An in-depth look at durable execution, and how it relates to task queues, message brokers, and other orchestrators.
Back when I was CTO at Porter, we were responsible for managing deployments of hundreds of Kubernetes clusters into customer AWS accounts. In the early days, this was all built using a single-replica deployment called porter-provisioner , which was essentially a Go binary automating a bunch of Terraform and Helm commands. This was circa 2020, and one of our users asked if we had considered Temporal for this workload. The next day I opened up the Temporal docs, read for about 30 minutes, and came away with: nothing. For some reason, I couldn't wrap my head around how durable execution worked, or why it was relevant to our workload.

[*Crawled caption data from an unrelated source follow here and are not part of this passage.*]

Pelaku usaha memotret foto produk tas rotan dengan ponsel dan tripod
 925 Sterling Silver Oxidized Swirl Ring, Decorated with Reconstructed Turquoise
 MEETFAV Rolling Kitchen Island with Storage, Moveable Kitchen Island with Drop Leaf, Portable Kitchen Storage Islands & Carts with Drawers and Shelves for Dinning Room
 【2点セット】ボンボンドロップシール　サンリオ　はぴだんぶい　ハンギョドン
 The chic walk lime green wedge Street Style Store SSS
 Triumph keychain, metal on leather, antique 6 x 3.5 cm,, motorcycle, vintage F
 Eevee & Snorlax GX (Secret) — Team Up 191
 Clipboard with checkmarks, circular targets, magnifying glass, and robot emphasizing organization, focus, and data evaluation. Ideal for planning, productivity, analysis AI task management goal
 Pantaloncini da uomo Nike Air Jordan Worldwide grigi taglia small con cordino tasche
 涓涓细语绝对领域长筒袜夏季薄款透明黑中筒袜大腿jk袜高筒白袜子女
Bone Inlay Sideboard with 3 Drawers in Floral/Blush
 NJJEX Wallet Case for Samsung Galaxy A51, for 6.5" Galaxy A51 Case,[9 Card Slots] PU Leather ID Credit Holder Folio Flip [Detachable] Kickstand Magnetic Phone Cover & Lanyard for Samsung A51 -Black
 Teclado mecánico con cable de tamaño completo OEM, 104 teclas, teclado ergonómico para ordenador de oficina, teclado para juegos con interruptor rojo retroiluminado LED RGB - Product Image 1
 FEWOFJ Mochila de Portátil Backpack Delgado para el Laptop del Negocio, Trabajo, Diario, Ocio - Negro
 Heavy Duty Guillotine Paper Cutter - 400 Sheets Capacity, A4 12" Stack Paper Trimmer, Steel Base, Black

I'll avoid talking to vendors at all costs, so I decided to table my research for the time being and kept plugging away at building our own in-house orchestration system. Over the next few years of working on this system - writing a second and third version of the provisioner - I kept returning to Temporal, because I sensed that it should be the right fit for my workload. But I still didn't get it. I understood the benefits that they were selling, but I'm a bottom-up thinker; I need to understand how something works under the hood before I can use it.
After I left Porter, I spent a while researching durable execution platforms, starting out by building my own open-source Terraform automation project using Temporal (since abandoned), introduced Temporal as the CTO of a different company, and eventually started Hatchet.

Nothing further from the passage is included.